口ではぶうぶう文句を垂れながらも、十六夜の顔は案外明るかった。何だかんだで、父親と過ごす久しぶりの時間は嫌なばかりではなかったらしい。微笑ましいものだとエイレーネは思う。

「にしても、まさかあの爆発がジョーカーのせいだったなんて。本当にしょうがないやつです。パパにも心配ばっかりかけて」

ジョーカーを学生時代から知る十六夜はへにゃりと眉を下げる。

「あなたからも注意して差し上げてくださいな」
「もちろん〜。ガツンと言ってやりますよぅ!お任せくださいっ!」

ドンと太鼓判を押すが、いまいち頼りになるのかどうか。まあ、身内の諫言の方が効果はあるかもしれない。ジョーカーはあれでいて、懐に入れた人間に甘いタイプだ。
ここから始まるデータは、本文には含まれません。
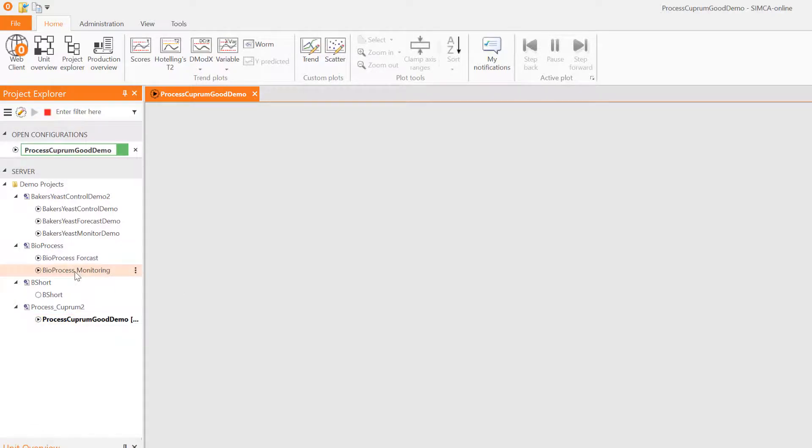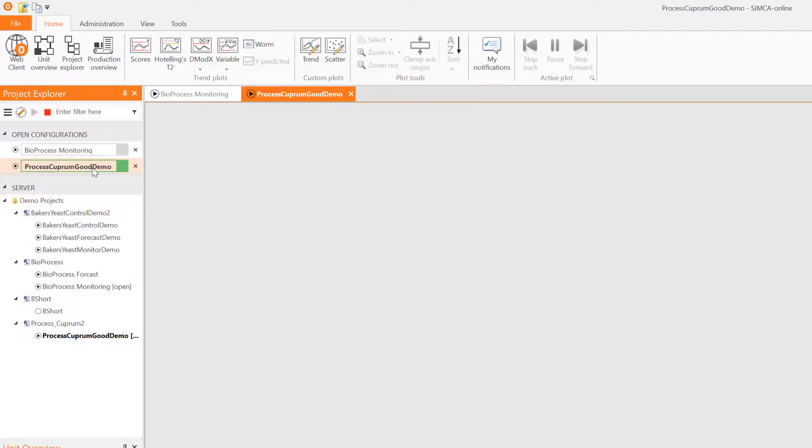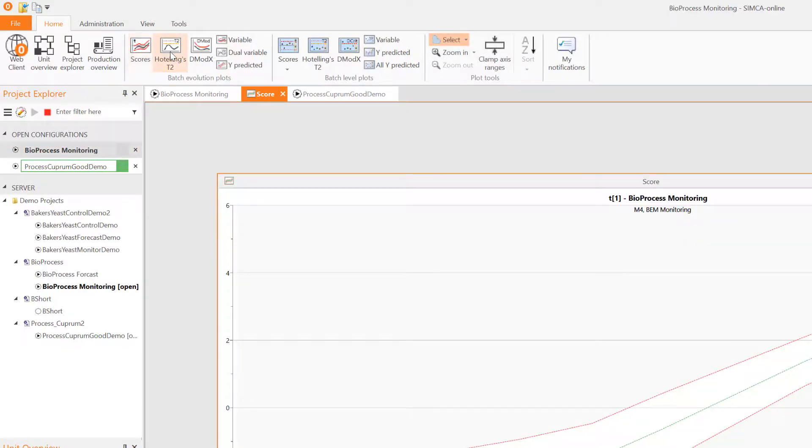If a configuration is opened, then it will show up in the open configurations list. Here you can see and switch between your open configurations. Let us open a few processes and plots.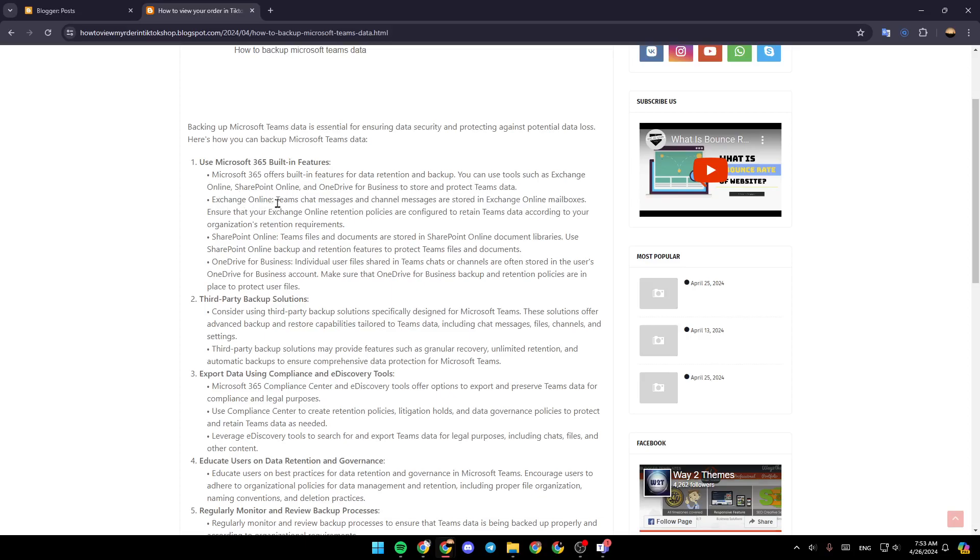Exchange Online: Teams chat messages and channel messages are stored in Exchange Online mailboxes. Ensure that your Exchange Online retention policies are configured to retain Teams data according to your organization's retention requirements.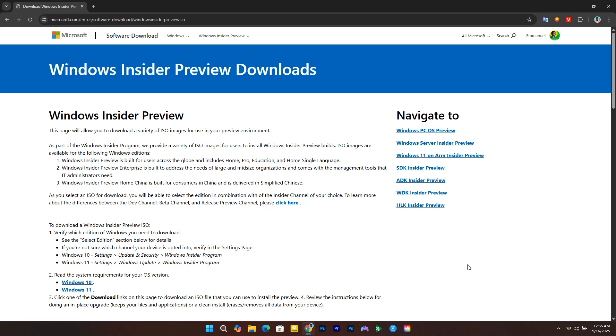Let's look at the steps to download the Tiny 11 ISO for Windows 11 version 25H2. Microsoft has already published the official ISO file for the latest preview of Windows 11 version 25H2, and you can use it to create a custom ISO file using Tiny 11 builder.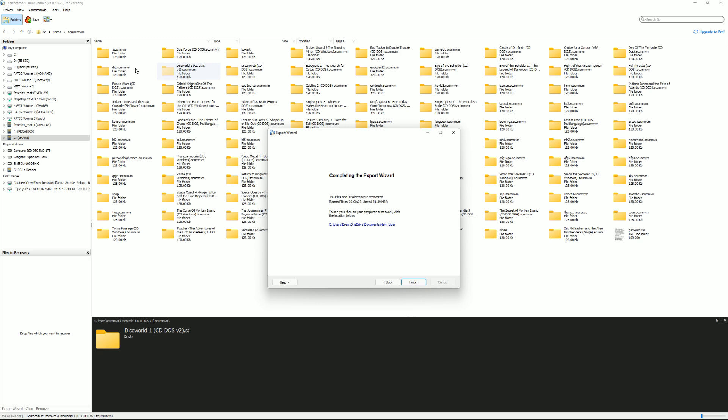So that's it. That's how simple it is to use the disk internals Linux reader. I hope this was helpful. If you could like and subscribe and we'll catch you on the next one.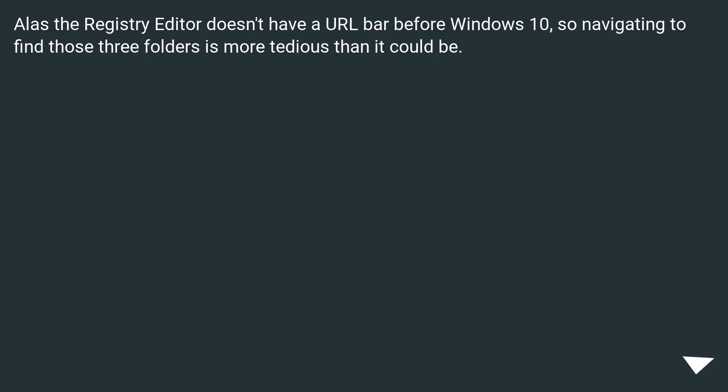Alas, the registry editor doesn't have a URL bar before Windows 10, so navigating to find those three folders is more tedious than it could be.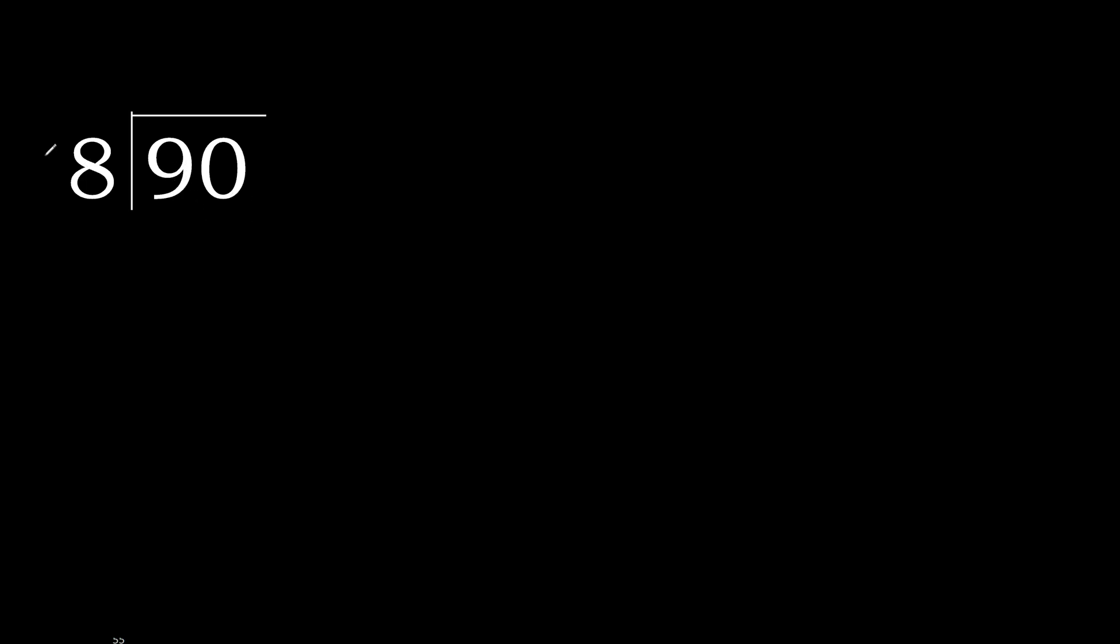90 divided by 8. 9 is not less, therefore with 9. 8 multiplied by which number is nearest to 9 but not greater?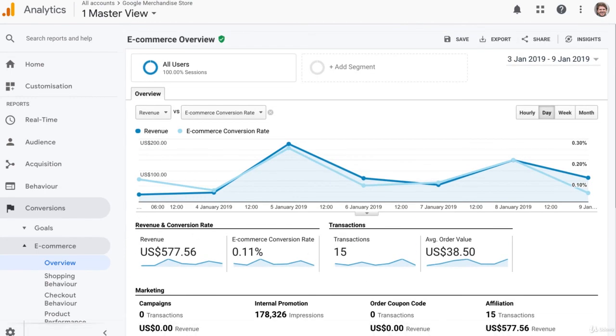That wraps up the three steps to set up e-commerce tracking in Google Analytics.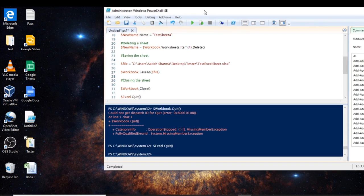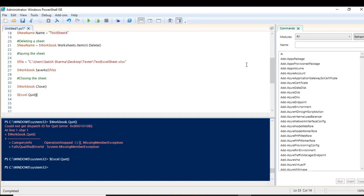That was all about the basics of Excel automation with PowerShell — just a brief overview for now. Thanks for watching the video. If you find it useful, please share and subscribe to my channel, give a thumbs up, and press the bell icon so you'll be notified whenever I upload new videos. Till then, bye, take care.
十六夜のことも手の掛かる妹分として不器用に可愛がっている。その愛情が本人に届いているかは微妙なところだが。
やがて車は第8特殊消防隊に到着した。先日と同じく茉希隊員が迎えてくれる。

「朝早くからお疲れ様です。昨日の件でいらしたんですよね?」
「ええ。森羅隊員にアーサー隊員、第1の環隊員、ジョーカーに襲撃された消防官の方々に大きな怪我がなかったのは不幸中の幸いですが。一歩間違えれば大惨事となっていた事件です。改めて、ジョーカーと直接会話した森羅隊員のお話を伺いたいと思いましたの」
「大胆不敵な犯行ですよね。あんなに大勢の消防官がいた競技場に忍び込むなんて。ウチの可愛い後輩を酷い目に遭わせて…桜備大隊長だって、一歩間違えばどうなっていたか」

茉希はぐっと拳を握りしめる。

「絶対に許せません。もしまたウチの管轄に現れたなら、今度こそガツンとぶちかましてやります!!」
「まあ、なんて頼もしい」

シュッシュッとシャドーボクシングする茉希。第8随一の体術の使い手の拳だ、空気を切る音にもプロ並みの迫力がある。
当の犯人と面識があることをおくびにも出さず、エイレーネはにっこりと微笑んでみせた。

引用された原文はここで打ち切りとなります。